Die Handwerkskammern Halle (Saale) und Magdeburg sowie die Industrie- und Handelskammern Halle-Dessau und Magdeburg stehen für insgesamt rund 130.000 Unternehmen mit etwa 650.000 Arbeitnehmerinnen und Arbeitnehmern und mehr als 23.000 Auszubildenden. Ihre acht Handlungsempfehlungen an die Entscheidungs­träger in Politik und Verwaltung setzen nach Angaben der Hauptgeschäftsführer dort an, wo der Handlungsdruck am größten ist: Auszubildende sollten jene Berufsschule besuchen können, in deren Nähe sie wohnen. „Das klingt wie selbstverständlich, ist aber bei immerhin rund 20 Prozent der Azubis im Land nicht der Fall“, berichtet Prof. Brockmeier aus der Berufsschulstandortanalyse der gewerblichen Kammern. Außerdem setzen sich diese dafür ein, das Azubi-Ticket zu verstetigen. Grupe hält fest: „Das geplante 49-Euro-Ticket kann nur dann ein echter Ersatz sein, wenn es vergleichbare oder bessere finanzielle Vergünstigungen bringt.“ Darüber hinaus dringen die sachsen-anhaltischen IHKn und Handwerkskammern darauf, die Arbeit der Berufsschullehrer im Land aufzuwerten. Unterrichtsausfälle durch fehlende Lehrkräfte an den Berufsschulen dürften nicht dazu führen, dass Lehrpläne und Prüfungsanforderungen nicht mehr eingehalten werden können.

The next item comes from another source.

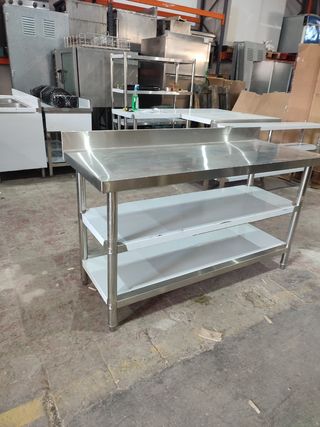 MESA ACERO INOX 1,5M
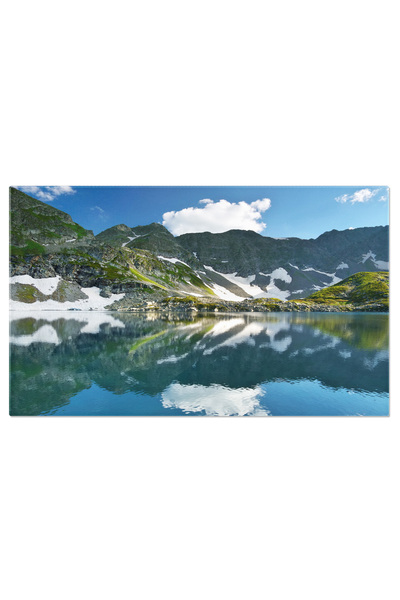 StoryGift Romania Tablou Canvas Peisaj Muntos Cu Lac Si Stanci, Munte, Lac, Natura, Peisaj 1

„Das Erfolgsmodell ‚Duale Berufsausbildung‘ funktioniert nur, wenn beide Lernorte, also Schule und Betrieb, inhaltlich gut aufeinander abgestimmt, im Dialog und auch mit digitalen Lehr- und Lernmethoden funktionieren“, betont André Rummel, Hauptgeschäftsführer der IHK Magdeburg. Schließlich hebt Dirk Neumann, Hauptgeschäftsführer der Handwerkskammer Halle (Saale), hervor: „Jedem muss klar sein, dass es hier nicht um Luxusdenken geht, sondern um die Zukunft der Wirtschaft – und damit unseres Landes.“ 

Überblick: Auszug aus den Handlungsempfehlungen der gewerblichen Kammern

Acht Punkte für eine zielgerichtete Ausbildung in der Berufsschule

·          Den Besuch der nächstgelegenen berufsbildenden Schule (mit dem entsprechenden Angebot) möglich machen!

Untersuchungen zeigen: Für jeden fünften Auszubildenden ist die Beschulung an einer näher gelegenen berufsbildenden Schule möglich. Dies sollte unbürokratisch gestattet werden!

·          Die gemeinsame Beschulung bei gleichem Rahmenlehrplan sollte ermöglicht werden!

Wenn Azubis aus verwandten Ausbildungsberufen, deren Rahmenlehrpläne in den ersten Lehrjahren identisch sind (z. B. Basiskurse für Mathematik), gemeinsam beschult würden, könnte dies einen ortsnahen Unterricht begünstigen.

·          Die Finanzierungsmodalitäten (Gastschulbeitrag) sollten überprüft werden!

Bisher müssen Landkreise und kreisfreie Städte dafür zahlen, wenn sie Auszubildende in Berufsschulen anderswohin abgeben (müssen). Abhilfe könnte durch das Finanzausgleichsgesetz des Landes geschaffen werden.

·          Die Erstattung der Kosten für auswärtige Unterbringung und die Fahrtkosten dorthin gehören auf den Prüfstand!

Die bisher gezahlten Erstattungen für Azubis decken die tatsächlich anfallenden Kosten nicht. Die Regelungen sollten deshalb überarbeitet und die Sätze angehoben werden.

·          Möglichkeiten auswärtiger Unterbringung für Auszubildende verbessern!

Die in Sachsen-Anhalt verfügbaren Wohnheimplätze reichen nicht, um entfernt von ihrem Wohnort beschulte Auszubildende unterzubringen. Unter anderem sollten Wohnprogramme von Bund und Land für Azubis genutzt werden.

·          Das Azubi-Ticket weiterhin gewährleisten!

Das Azubi-Ticket hilft, die Folgen der zunehmenden Zentralisierung von Schulangeboten zu lindern, und stärkt den öffentlichen Nahverkehr auf dem Land. Es sollte erhalten bleiben, falls das 49 Euro-Ticket nicht vergleichbar ist.

·          Die Chancen des „blended learning“ nutzen!

Die Vorteile von Präsenzveranstaltungen und E-Learning sollten systematisch kombiniert werden. Die technischen Voraussetzungen dafür sind zu schaffen und entsprechende Modellversuche zu unterstützen.

·          Das Lehramt an Berufsschulen stärken!

Berufsschullehrermangel schwächt die duale Berufsausbildung insgesamt. Das Lehramt an Berufsschulen – insbesondere für den Bereich der MINT-Fächer – muss stärker beworben und deren Ausbildungskapazitäten erhöht werden.